## WHAT YOU NEED TO DO
Your answer must be an exact retyping of the line containing "Toyota C-HR Lounge - 12" and every line after it through the end of the records below, with no pictures and nothing else.

Extracted data entries:
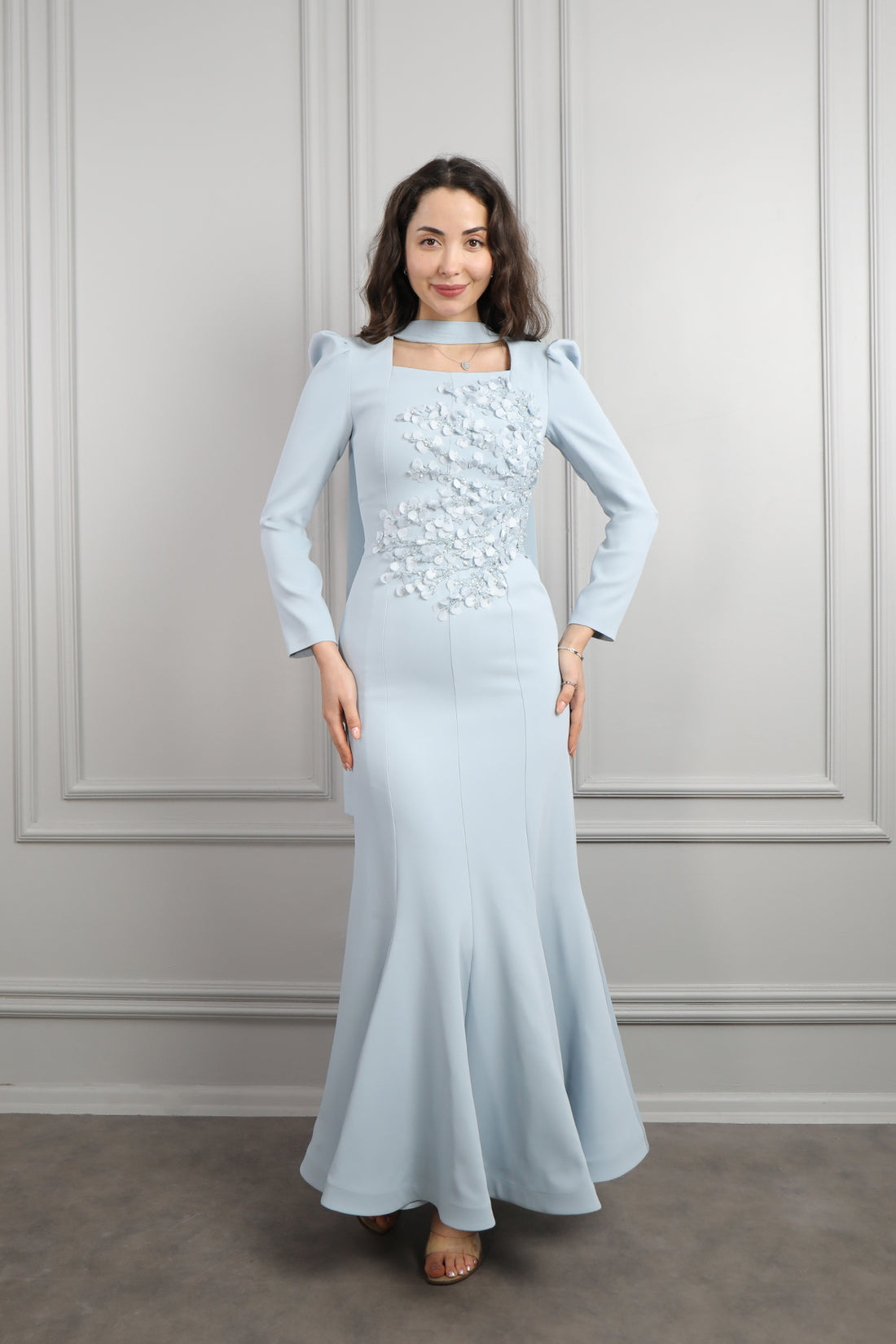 فستان بتصميم سمكي بياقة مربعة بتطريزات ورود مع شال -ازرق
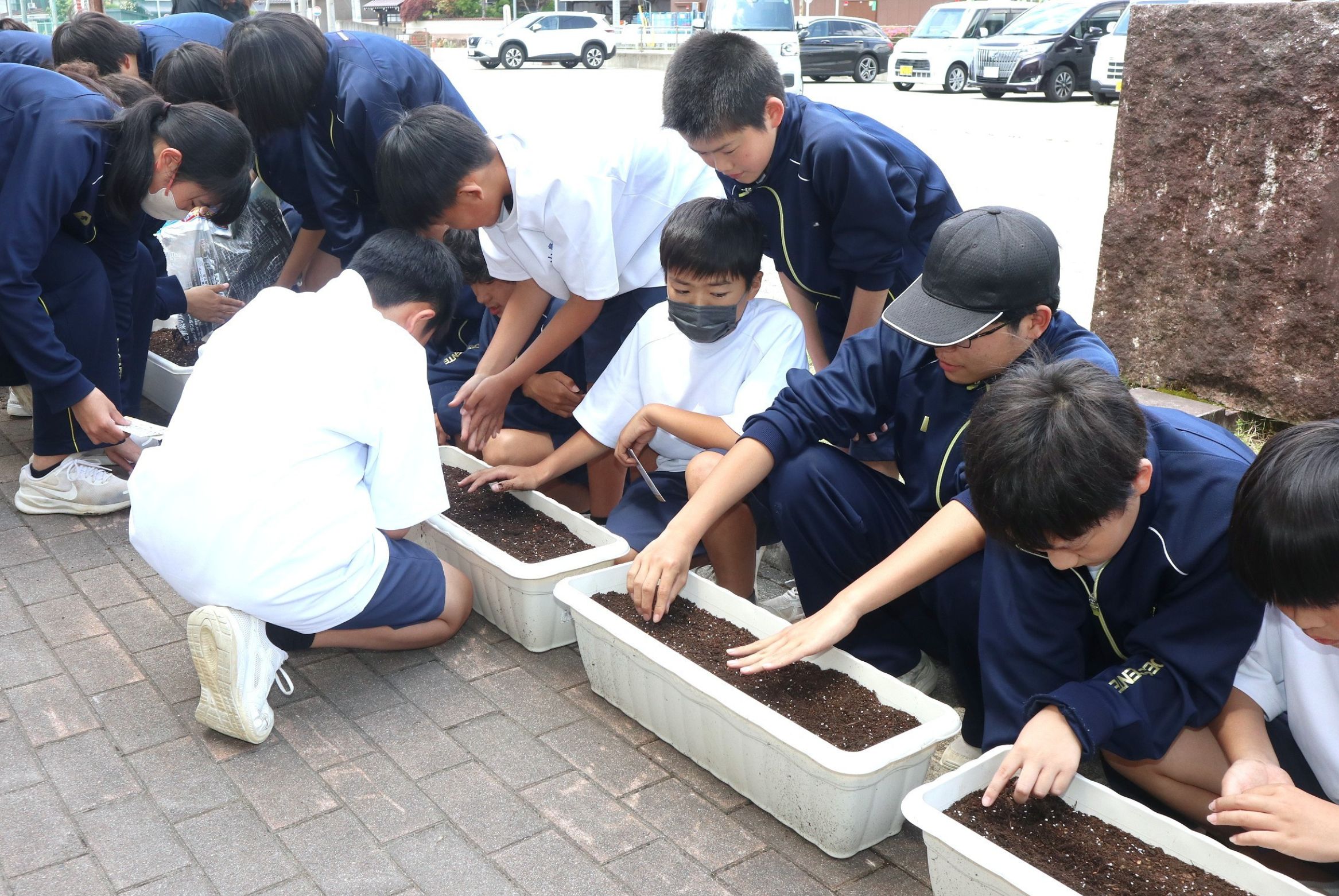 認知症になっても暮らしやすい町を…オレンジ色の花咲かせませんか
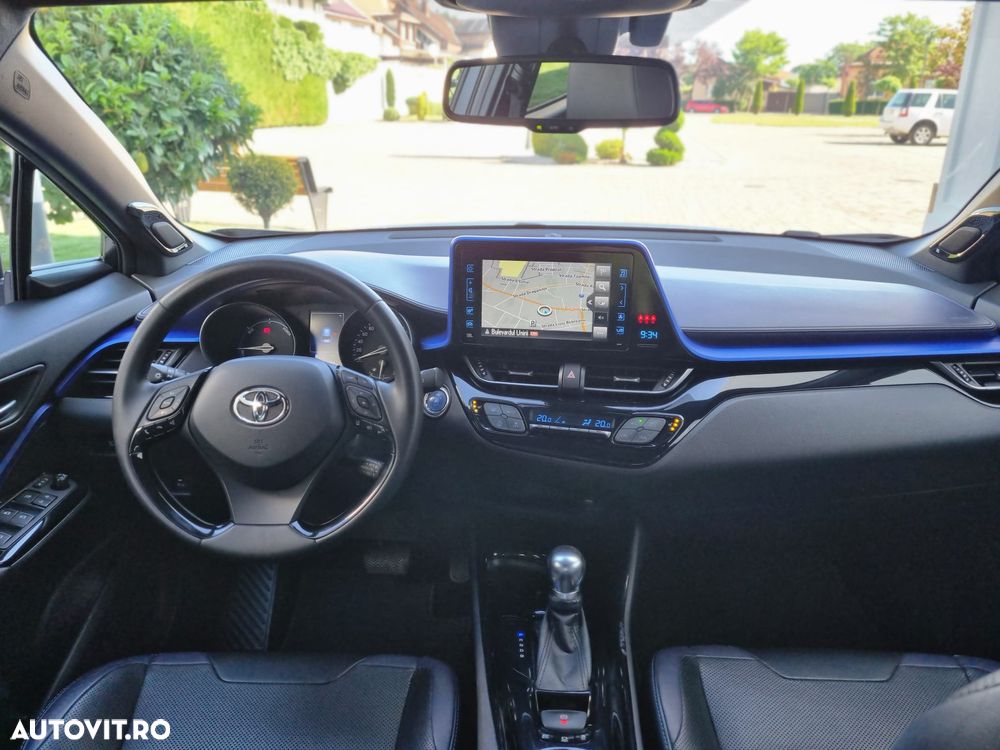 Toyota C-HR Lounge - 12
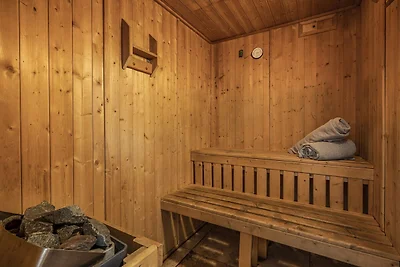 Scheunen-Ferienhaus mit Whirlpool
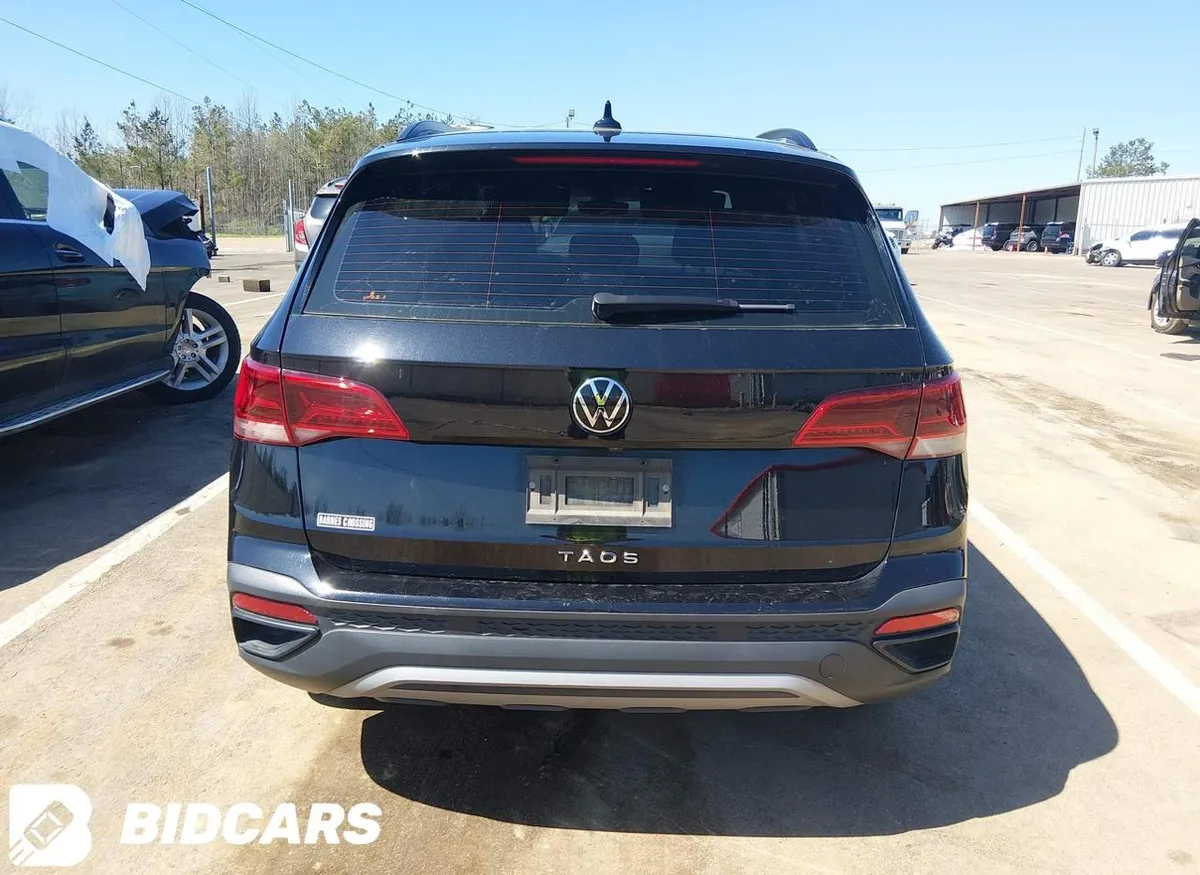 VOLKSWAGEN TAOS 1.5T S 2024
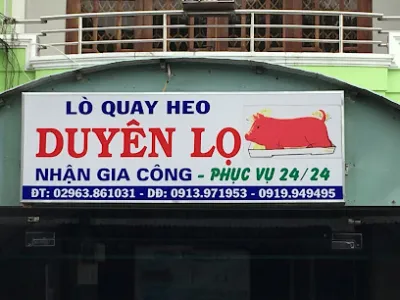 lò quay heo duyên lọ - cửa hàng thịt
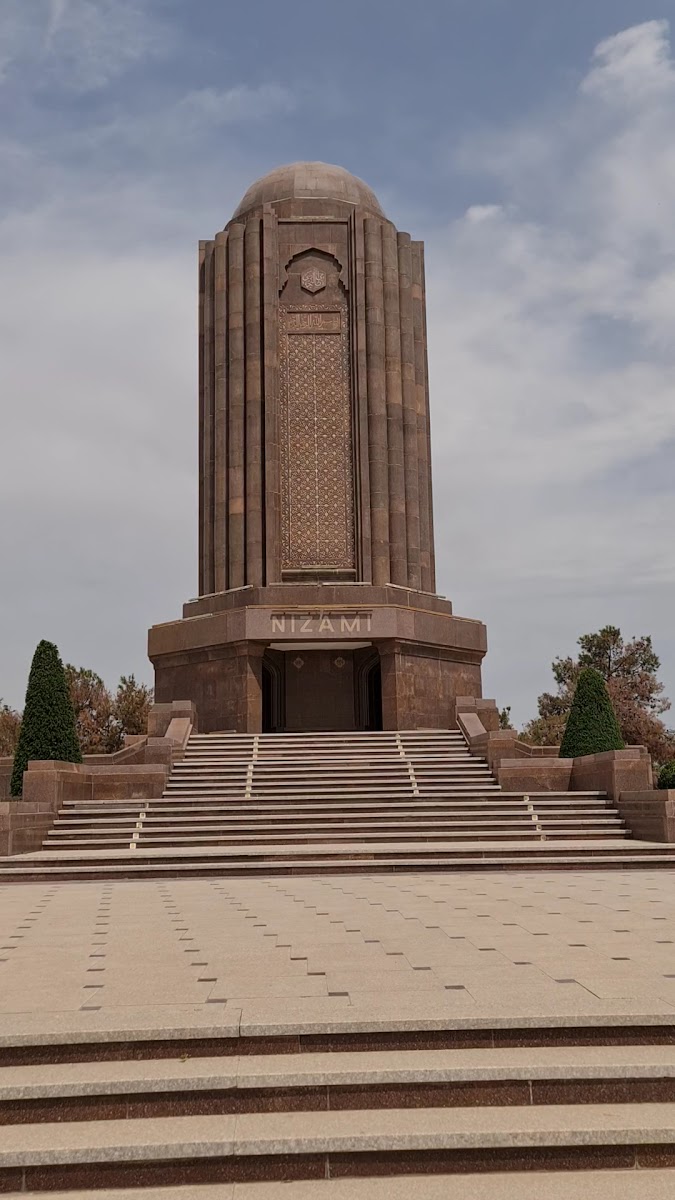 Nizami Anıt mezarı — fotoğraf 3
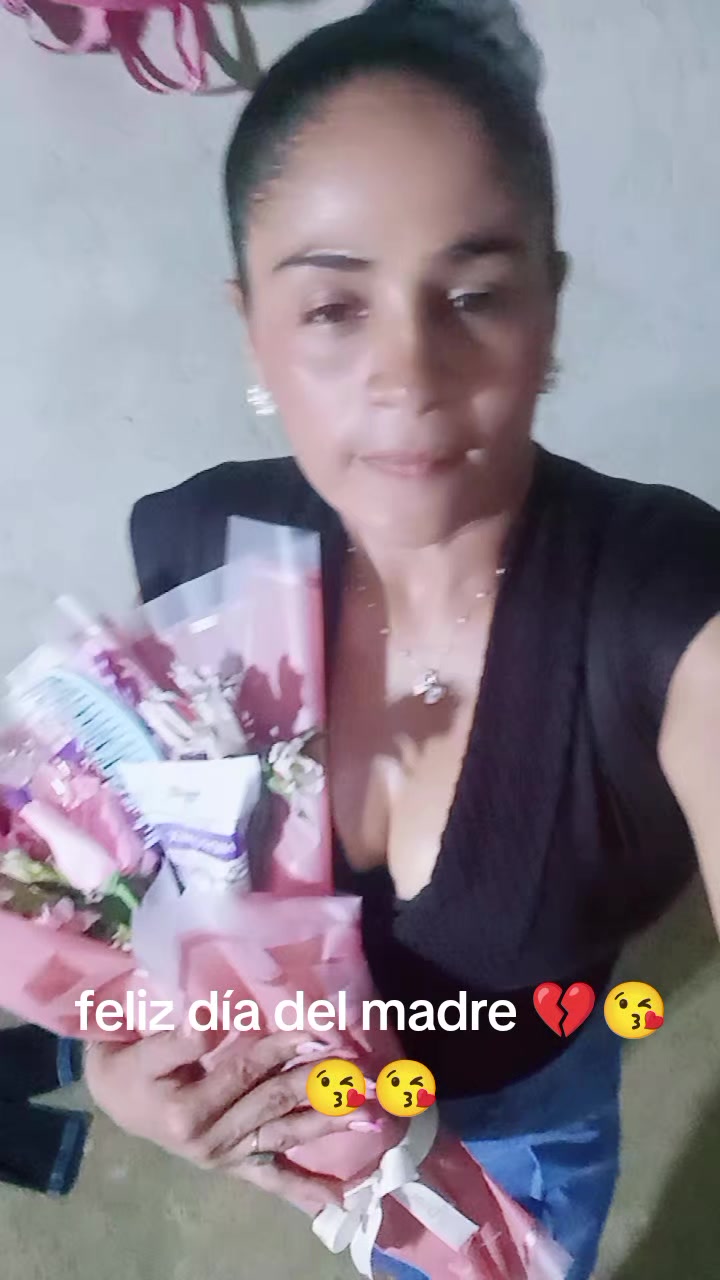 @María Castro ๐๐๐๐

## ANSWER SECTION
 Toyota C-HR Lounge - 12
 Scheunen-Ferienhaus mit Whirlpool
 VOLKSWAGEN TAOS 1.5T S 2024
 lò quay heo duyên lọ - cửa hàng thịt
 Nizami Anıt mezarı — fotoğraf 3
 @María Castro ๐๐๐๐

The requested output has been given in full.